The inequalities (or equalities, depending on the problem) define the boundaries of the feasible region.
( x_j \ge 0 ) are non-negativity constraints, commonly applied in many real-world problems.

This system of linear constraints geometrically forms a convex polyhedron in n-dimensional space.⁸, ⁹

Interpreting the Feasible Region

Interpreting the feasible region involves understanding the landscape of possibilities within a given problem. Each point within this space represents a combination of decision variables that is permitted by all the established constraints. For instance, in a business context, if a company is trying to maximize profit subject to limited raw materials and labor hours, the feasible region would illustrate all possible production levels for different products that do not exceed the available resources. An unbounded feasible region, conversely, indicates that solutions can theoretically extend infinitely in one or more directions without violating constraints, though this is less common in practical applications where resources are finite. The optimal solution, whether maximizing or minimizing an objective function, will always lie on the boundary of the feasible region, specifically at one of its vertices or "corners."⁶, ⁷

Hypothetical Example

Consider a small investment firm aiming to allocate a client's funds between two types of assets: Asset A and Asset B.
The firm has the following constraints for this particular client:

The total investment must not exceed $100,000.
At least $20,000 must be invested in Asset A.
At least $30,000 must be invested in Asset B.
The investment in Asset A should be no more than twice the investment in Asset B.

Let ( x_A ) be the amount invested in Asset A and ( x_B ) be the amount invested in Asset B.
The inequalities defining the feasible region are:

( x_A + x_B \le 100,000 ) (Total investment constraint)
( x_A \ge 20,000 ) (Minimum Asset A investment)
( x_B \ge 30,000 ) (Minimum Asset B investment)
( x_A \le 2x_B ) (Asset A to Asset B ratio constraint)
( x_A \ge 0, x_B \ge 0 ) (Non-negativity constraints, though covered by minimums here)

The feasible region would be the area on a two-dimensional graph where all these conditions are simultaneously met. If the client also wants to maximize expected return, the firm would then define an objective function (e.g., ( \text{Maximize } 0.05x_A + 0.07x_B ) for a 5% and 7% return respectively) and use linear programming to find the point within this feasible region that yields the highest return.

Practical Applications

The concept of a feasible region is widely applied in various fields of quantitative finance and beyond, particularly wherever optimization is required.
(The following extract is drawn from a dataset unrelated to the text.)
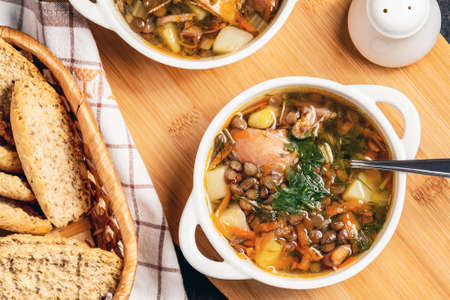 Two plates with lentil soup and chicken on a wooden board on black table, top viewの写真素材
Portfolio Optimization: Investors use the feasible region to identify all possible combinations of assets that satisfy their specific risk tolerance, return objectives, and other investment constraints, such as diversification requirements or regulatory limits. The optimal portfolio is then selected from this feasible set.
Production Planning: Businesses leverage the feasible region to determine optimal production schedules given limitations on raw materials, labor, machinery capacity, and market demand. This helps in efficient resource allocation and cost minimization.
Logistics and Supply Chain Management: Transportation companies and logistics providers define feasible regions based on vehicle capacity, delivery routes, time windows, and warehouse space to optimize delivery schedules and minimize shipping costs.
Financial Planning: Individuals and institutions might use the feasible region to explore viable savings or expenditure plans that meet budget constraints and financial goals.
Regulatory Compliance: Organizations often operate within a feasible region defined by regulatory constraints and policies. Understanding this region helps them ensure compliance while optimizing operations.
Digital Transformation Initiatives: In a broader business context, companies are increasingly focused on optimization to maximize the value of digital investments, which inherently involves identifying and operating within feasible sets defined by technological capabilities, talent, and strategic objectives.³, ⁴, ⁵

Limitations and Criticisms

While the feasible region is a powerful concept in optimization, it does have limitations. One primary criticism lies in the assumption that all constraints and the objective function are strictly linear. In real-world scenarios, relationships between variables are often non-linear, introducing complexities that linear programming, and thus the definition of a simple polyhedral feasible region, cannot fully capture. Non-linear constraints would result in a non-linear feasible region, requiring more advanced optimization techniques.

Another limitation is the challenge of accurately identifying and quantifying all relevant constraints. Omitting or misrepresenting a critical constraint can lead to a feasible region that includes unrealistic or unattainable solutions, rendering the subsequent optimization meaningless. Furthermore, the number of decision variables and constraints can grow exponentially in complex problems, making the computational determination of the feasible region and its vertices highly intensive, even for advanced algorithms like the Simplex Method. While the simplex method is effective, its computational complexity can be exponential in worst-case scenarios.² The practical application may also face challenges when dealing with uncertainty or dynamic environments, as the feasible region derived from static constraints might not hold true over time.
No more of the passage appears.